Crockett Johndon's _Barnaby_ was the greatest American comic strip.
Ron: Barnaby is definitely up there. Did you ever read the sequence in which Barnaby's fairy godfather gets elected to Congress? Fookin brilliant.
But Pogo's even better.
Gorgon, the dog that discovers he can talk ``Good grief, I can talk!'' and soon launches into page-long shaggy dog stories, is my favorite. He had a small part in O'Malley's election campaign, substituting G.G Vest's Eulogy of the Dog for the big radio speech.
Anyway I liked it as a small kid in the collections, and here it is, still good. Pogo I never understood. I mean, why it was entertaining. It seems like mostly trite ironies.
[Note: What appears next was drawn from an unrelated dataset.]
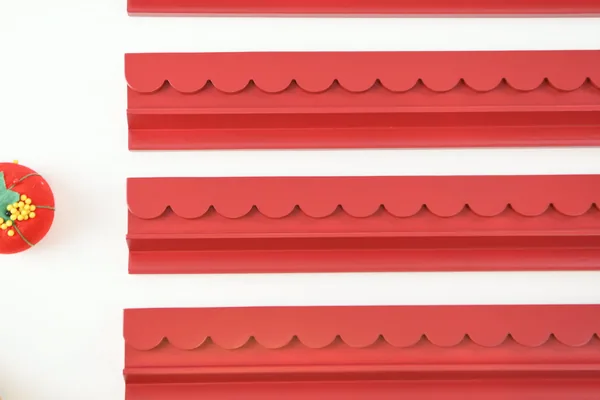 Painted Red Scalloped Wooden Racks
Had I begun reading Pogo when I was as old as I am today, I might have a different opinion, but Al Capp gets my vote as number 1.
Best currently, general category, is Lynn Johnston, the Canadian. Best in political satire category is Berkeley Breathed.
Ron: Are you sure you're thinking about Pogo? I'm sure every strip has at least occasionally offered its readers a trite irony, but Pogo was more a place for baroque absurdity.
Friends would occasionally point Pogo out and say how great it was. I could never see it. Sort of, um, okay. On the other hand, I knew a guy who said that he'd never gotten a single Far Side cartoon. That's right down my alley. Humor is not a single thing.
Is it my lack of cynicism? Cynicism is a political position in a democracy, one way to avoid compromising yourself, one way to react to inevitable failures. More of a fix-it attitude is more appealing to me.
When you said "two brown-eyes", I thought you meant Kerry and Bush!